Opting Out of Dynamic Typing with STRICT
Keyword
At least some features of dynamic typing can be opted out of, by using the STRICT
when declaring the table. For more info see strict tables in SQLite.
Type Affinity
Docs: Type Affinity
- The type affinity of a column is the recommended type (not required) for data stored in that column.
- Any column can still store any type of data.
- It is just that some columns, given the choice, will prefer to use one storage class over another.
- The preferred storage class for a column is called its “affinity”.
Inferring Type Affinity
For tables not declared as STRICT, the affinity of a column is determined by the declared type of the column, according to the following rules in the order shown:
- If the declared type contains the string “INT” then it is assigned INTEGER affinity.

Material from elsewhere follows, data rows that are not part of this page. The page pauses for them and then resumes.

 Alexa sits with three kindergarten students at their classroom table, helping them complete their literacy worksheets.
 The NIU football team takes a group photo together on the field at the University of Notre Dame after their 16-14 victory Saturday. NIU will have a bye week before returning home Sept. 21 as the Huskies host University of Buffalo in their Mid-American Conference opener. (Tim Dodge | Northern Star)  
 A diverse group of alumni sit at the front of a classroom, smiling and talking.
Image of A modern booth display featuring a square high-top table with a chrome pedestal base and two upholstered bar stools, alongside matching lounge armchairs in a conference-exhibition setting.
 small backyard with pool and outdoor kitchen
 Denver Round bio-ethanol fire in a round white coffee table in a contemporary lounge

- If the declared type of the column contains any of the strings “CHAR”, “CLOB”, or “TEXT” then that column has TEXT affinity. Notice that the type VARCHAR contains the string “CHAR” and is thus assigned TEXT affinity.

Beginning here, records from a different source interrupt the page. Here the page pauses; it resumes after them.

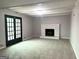 Comfortable living room with a tiled fireplace, carpeted floors, and access to the backyard through glass doors at 3589 Burlingham Dr, Lithonia, GA 30038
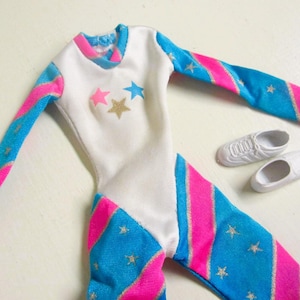 Peut inclure: Une tenue de poupée blanche, bleue et rose avec des étoiles. Le vêtement une pièce a des manches et des jambes rayées bleues et roses, avec des étoiles dorées et roses sur le devant. Comprend une paire de baskets blanches.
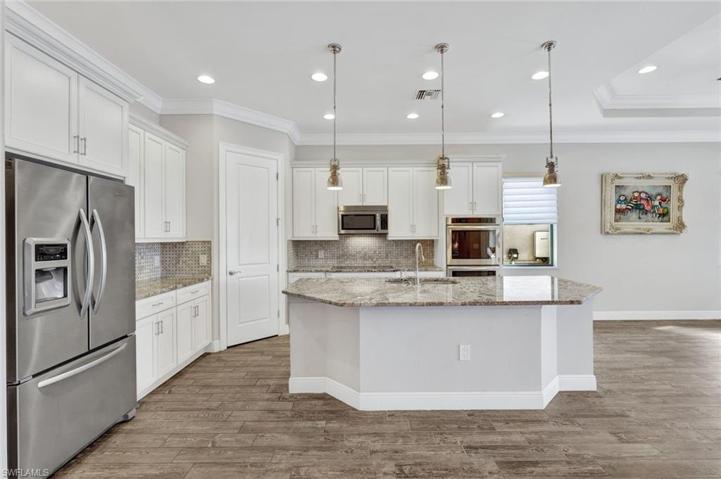 Gorgeous neutral kitchen with French door refrigerator, and walk-in pantry.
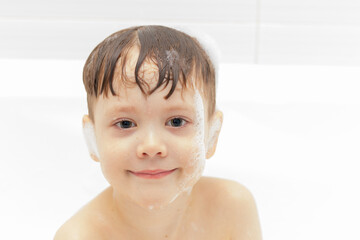 a preschool boy washes in a light white bathtub and plays with lather. close-up portrait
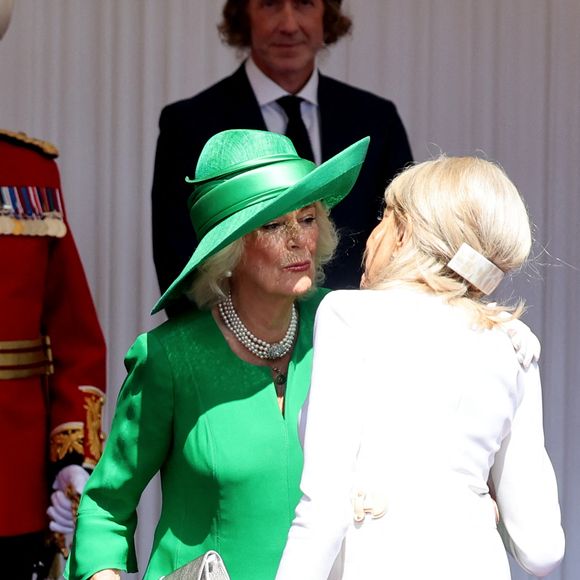 Le roi Charles III d'Angleterre, Camilla Parker Bowles, reine consort d'Angleterre, le prince William, prince de Galles, et Catherine (Kate) Middleton, princesse de Galles, accueillent le couple présidentiel français le président Emmanuel Macron et sa femme la Première Dame Brigitte Macron sur Datchet road à Windsor, Royaume Uni, le 8 juillet 2025. © Dominique Jacovides/Bestimage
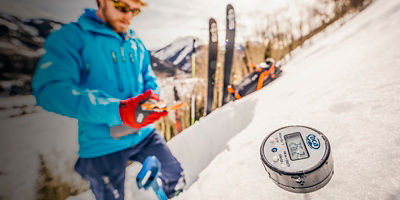 A man evaluates avalanche potential before making a ski run in the backcountry of Ouray, Colorado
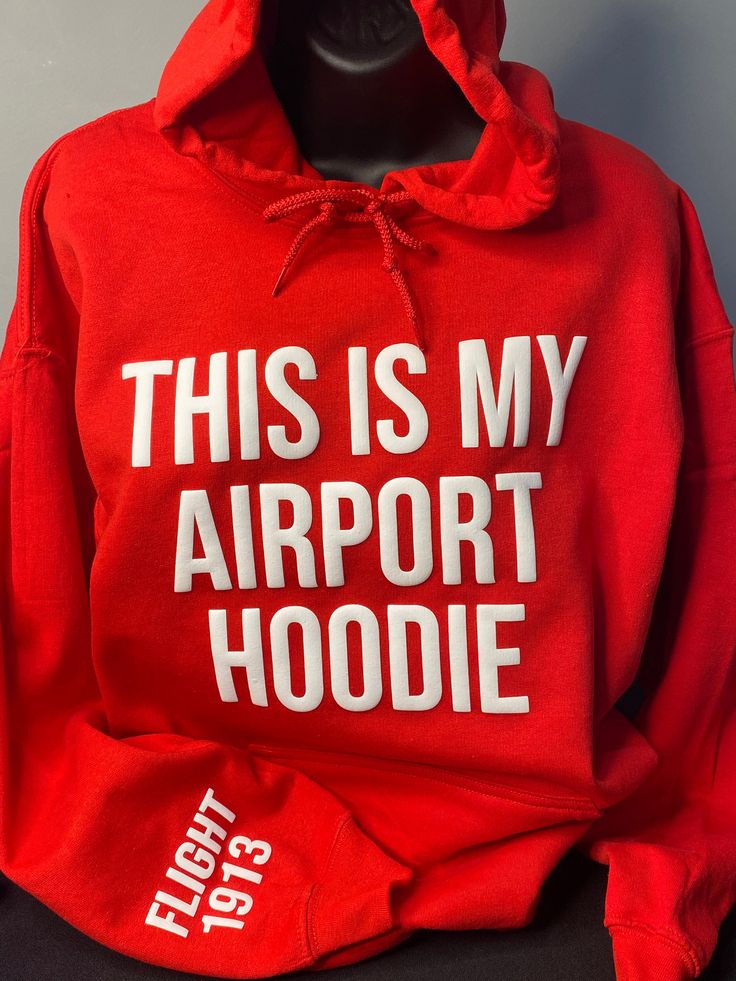 "ntroducing the perfect companion for your travels - the \"This Is My Airport Hoodie\". Upgrade your travel wardrobe and make a statement wherever you go with the \"This Is My Airport Hoodie\". Order yours today and embark on your next adventure in style. Features: Premium quality Red Hoodie Unisex Bold White 3D Puff \"This Is My Airport Hoodie\" Comfortable and soft fabric Versatile design for travel or casual wear Cozy hood for extra warmth Available in multiple sizes for the perfect fit" Delta Sigma Theta Shirts, J13 Delta Sigma Theta Outfit, Delta Sigma Theta Denim Jacket, Delta Sigma Theta Poncho, Delta Sigma Theta Line Jackets, Delta Sigma Theta Jersey, Delta Sigma Theta Apparel, Delta Sigma Theta Gifts, Delta Sigma Theta Sweatshirts & Hoodies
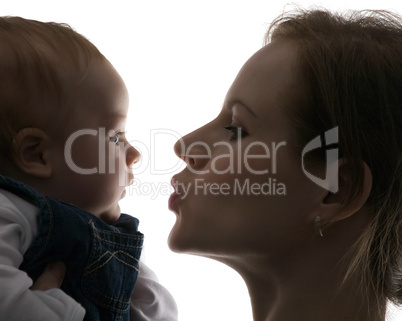 mum kisses toddler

- If the declared type for a column contains the string “BLOB” or if no type is specified then the column has affinity BLOB.
- If the declared type for a column contains any of the strings “REAL”, “FLOA”, or “DOUB” then the column has REAL affinity.

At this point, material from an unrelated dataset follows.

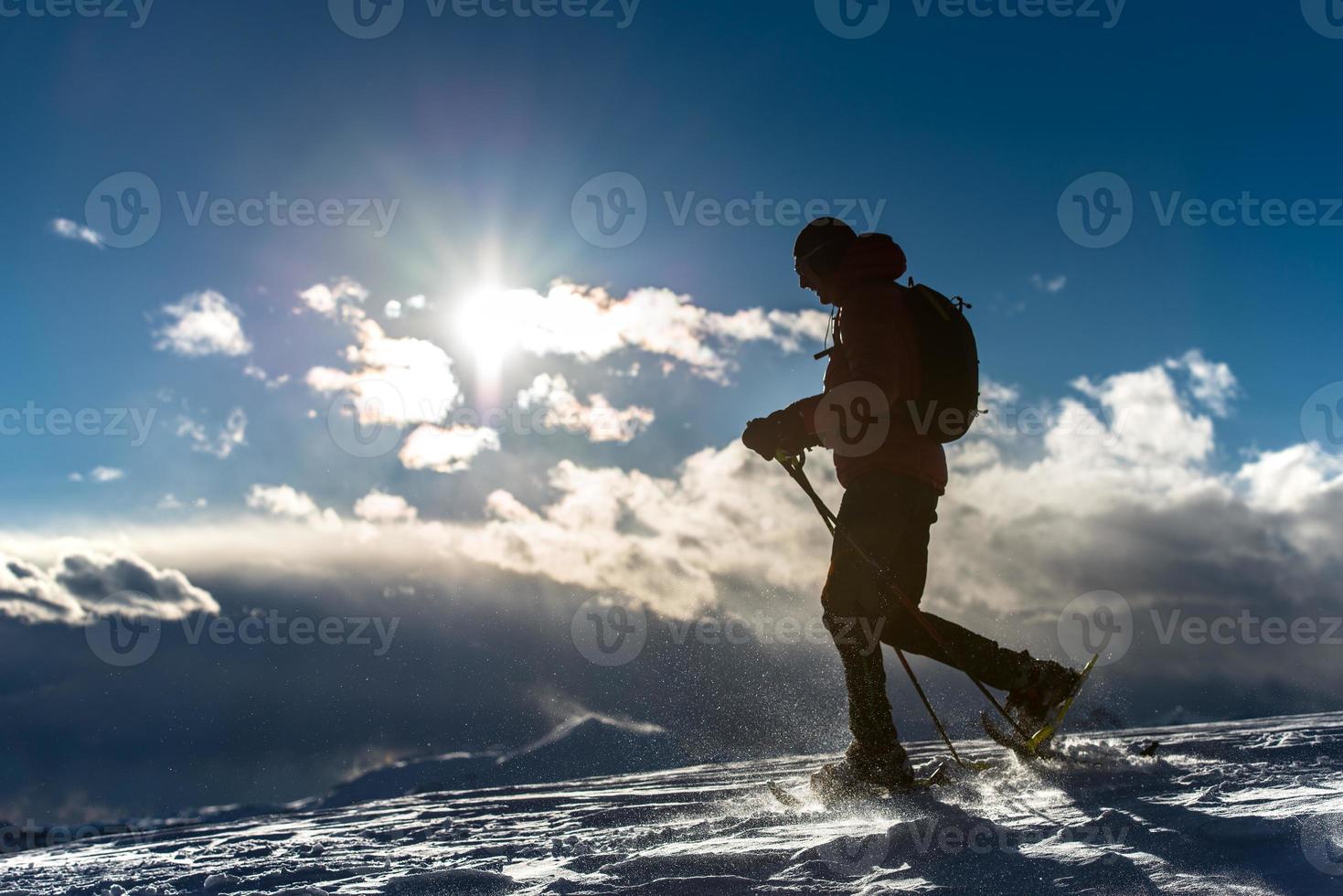 uomo che cammina nella neve con le racchette da neve foto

- Otherwise, the affinity is NUMERIC.
Note that the order of the rules for determining column affinity is important. A column whose declared type is “CHARINT” will match both rules 1 and 2 but the first rule takes precedence and so the column affinity will be INTEGER.
The following table shows how many common datatype names from more traditional SQL implementations are converted into affinities by the five rules of the previous section. This table shows only a small subset of the datatype names that SQLite will accept. Note that numeric arguments in parentheses that following the type name (ex: “VARCHAR(255)”) are ignored by SQLite - SQLite does not impose any length restrictions (other than the large global SQLITE_MAX_LENGTHlimit) on the length of strings, BLOBs or numeric values.
Example Typenames From The CREATE TABLE Statement or CAST Expression | Resulting Affinity | Rule Used To Determine Affinity |
---|---|---|
INT INTEGER TINYINT SMALLINT MEDIUMINT BIGINT UNSIGNED BIG INT INT2 INT8 | INTEGER | 1 |
CHARACTER(20) VARCHAR(255) VARYING CHARACTER(255) NCHAR(55) NATIVE CHARACTER(70) NVARCHAR(100) TEXT CLOB | TEXT | 2 |
BLOB no datatype specified | BLOB | 3 |
REAL DOUBLE DOUBLE PRECISION FLOAT | REAL | 4 |
NUMERIC DECIMAL(10,5) BOOLEAN DATE DATETIME | NUMERIC | 5 |
Gotchas of Inferring Type Affinity
Note that a declared type of “FLOATING POINT” would give INTEGER affinity, not REAL affinity, due to the “INT” at the end of “POINT”. And the declared type of “STRING” has an affinity of NUMERIC, not TEXT.